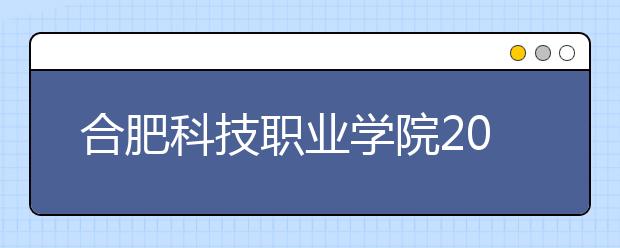 合肥科技职业学院2020年分类考试招生章程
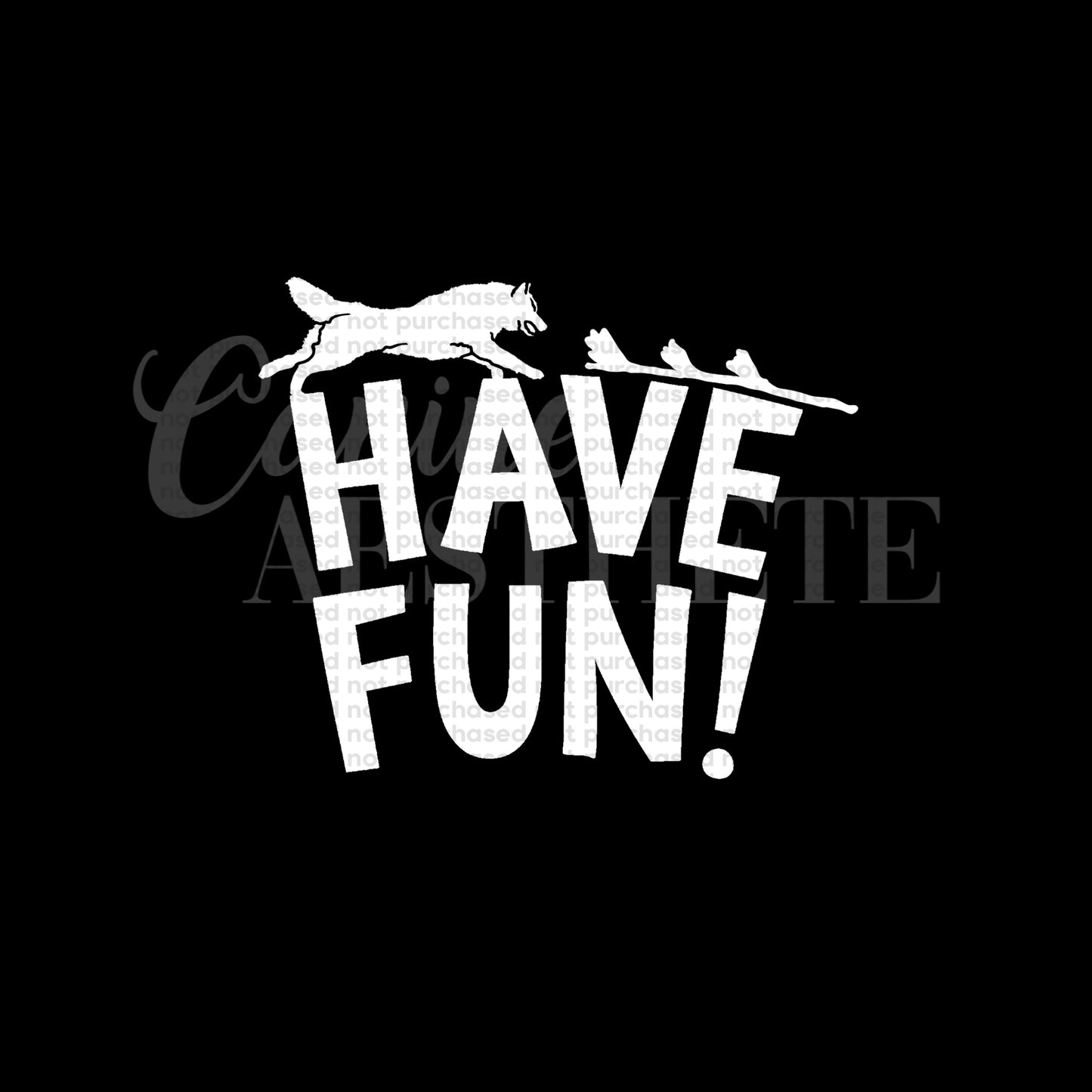 Have Fun Lure Coursing Decal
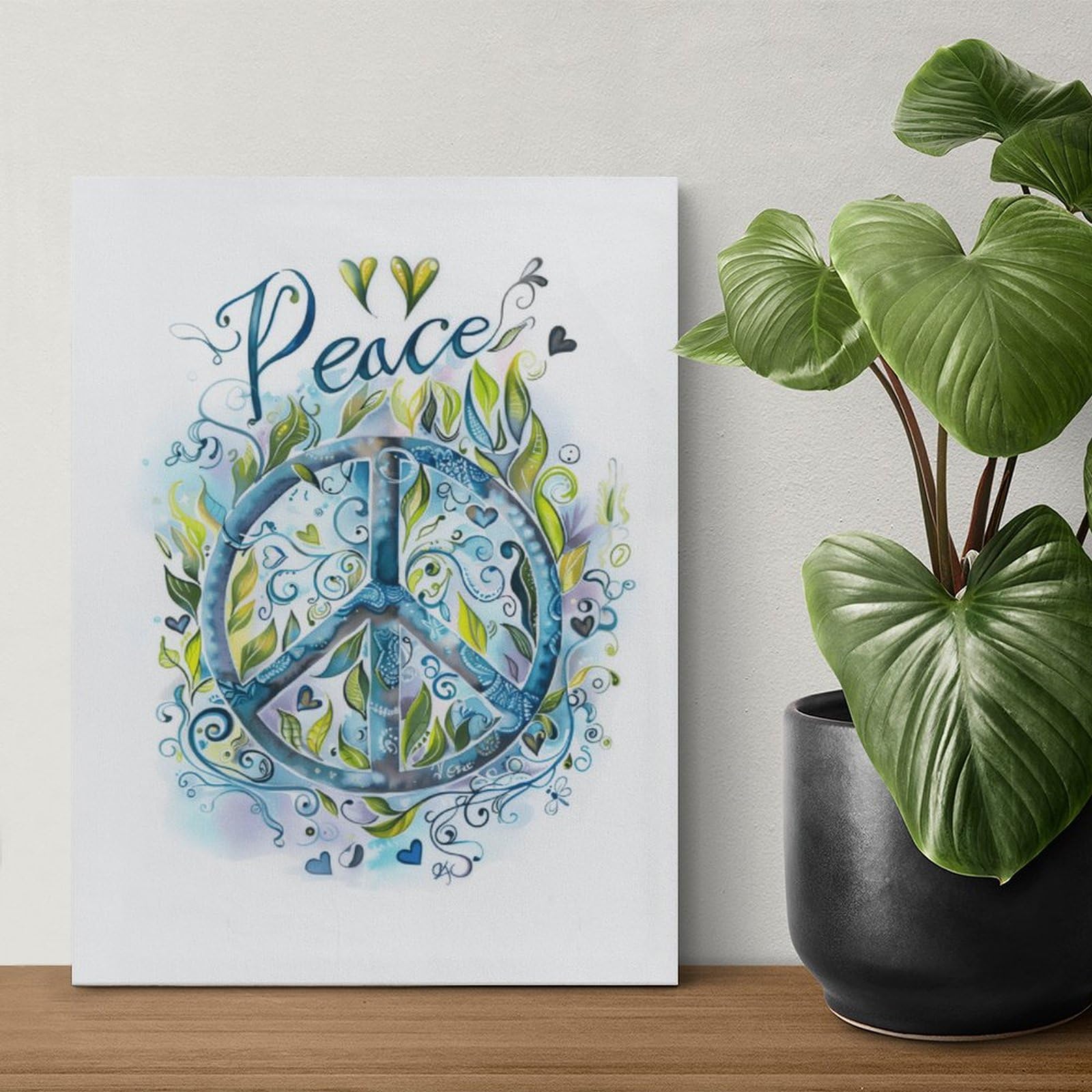 Amazon.com: Pfofrlofafa Love Swirl Peace Symbol Paint by Numbers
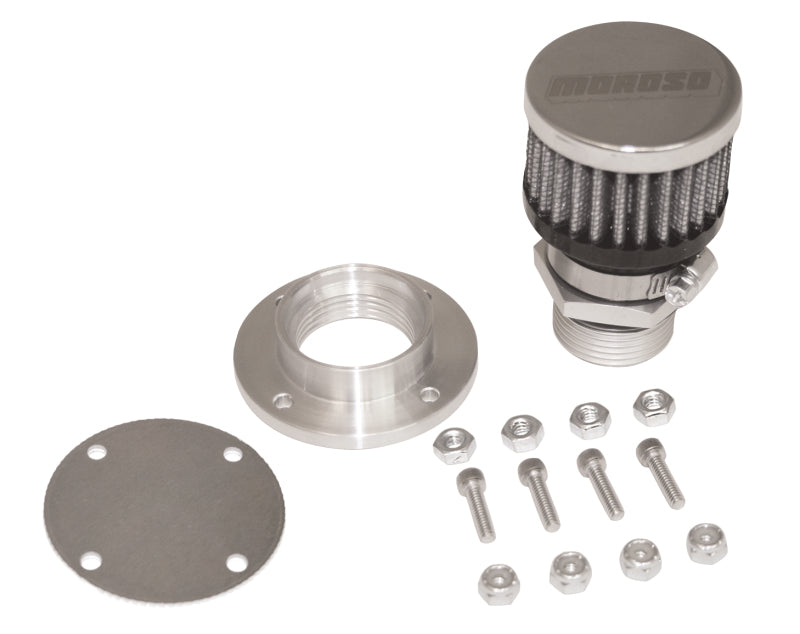 Moroso Non-Weld Valve Cover Breather Kit - Chrome Finish Valve Covers Moroso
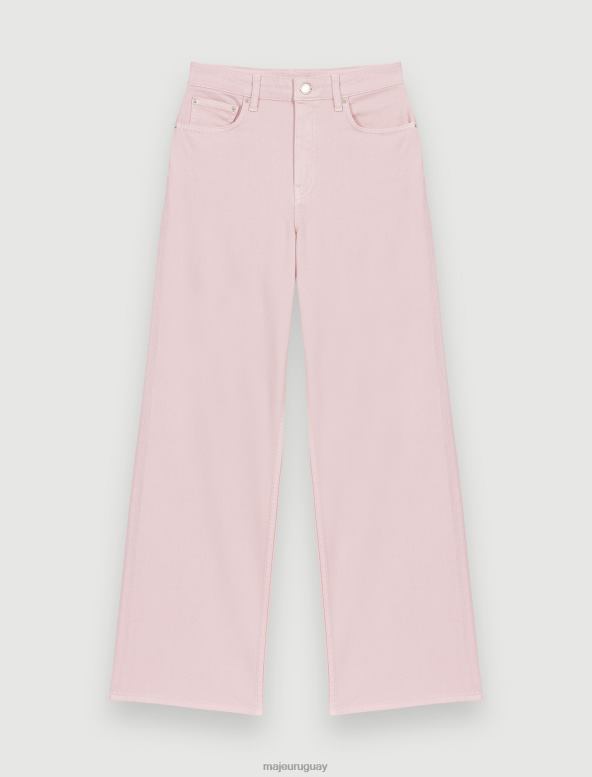 Maje jeans anchos rosas ropa violeta de parma mujer 2J08B394
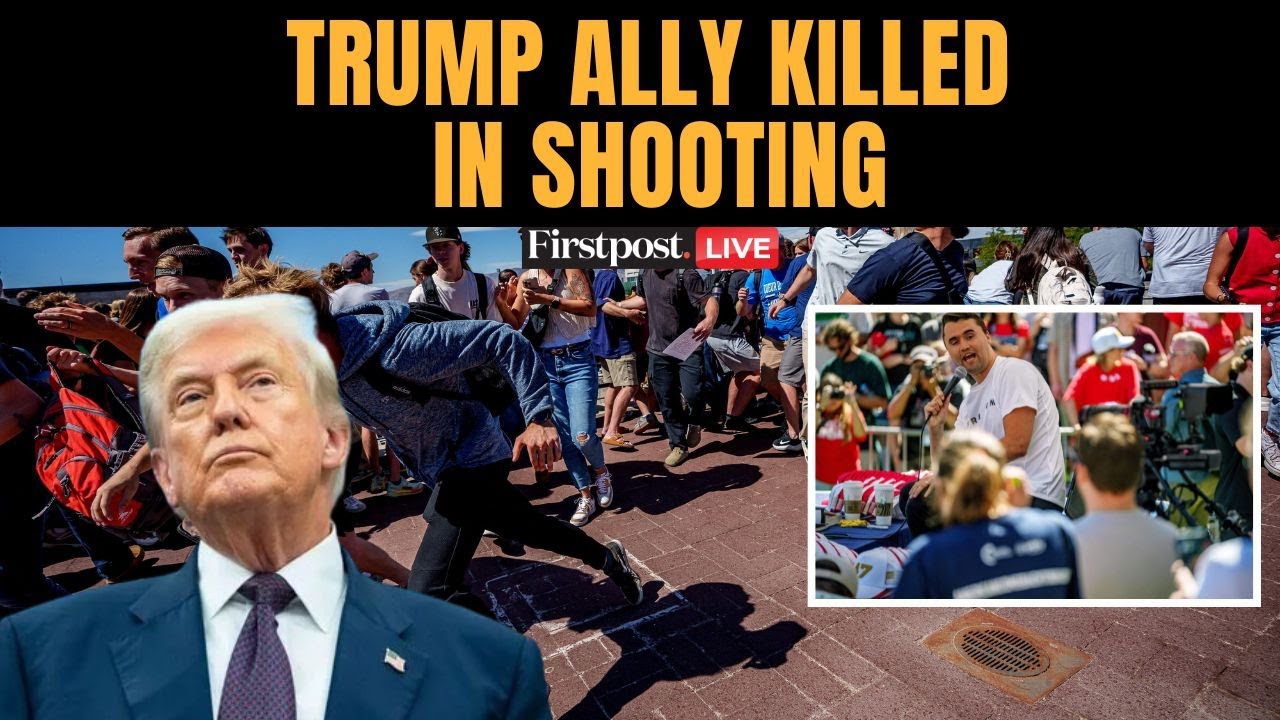 LIVE: Trump Ally Charlie Kirk Shot Dead at Utah University Event, Eyewitnesses Recount Shooting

### What the task asks
In transcribing the material above, reproduce each line exactly and include none of the pictures.

### Output of the task
 合肥科技职业学院2020年分类考试招生章程
 Have Fun Lure Coursing Decal
 Amazon.com: Pfofrlofafa Love Swirl Peace Symbol Paint by Numbers
 Moroso Non-Weld Valve Cover Breather Kit - Chrome Finish Valve Covers Moroso
 Maje jeans anchos rosas ropa violeta de parma mujer 2J08B394
 LIVE: Trump Ally Charlie Kirk Shot Dead at Utah University Event, Eyewitnesses Recount Shooting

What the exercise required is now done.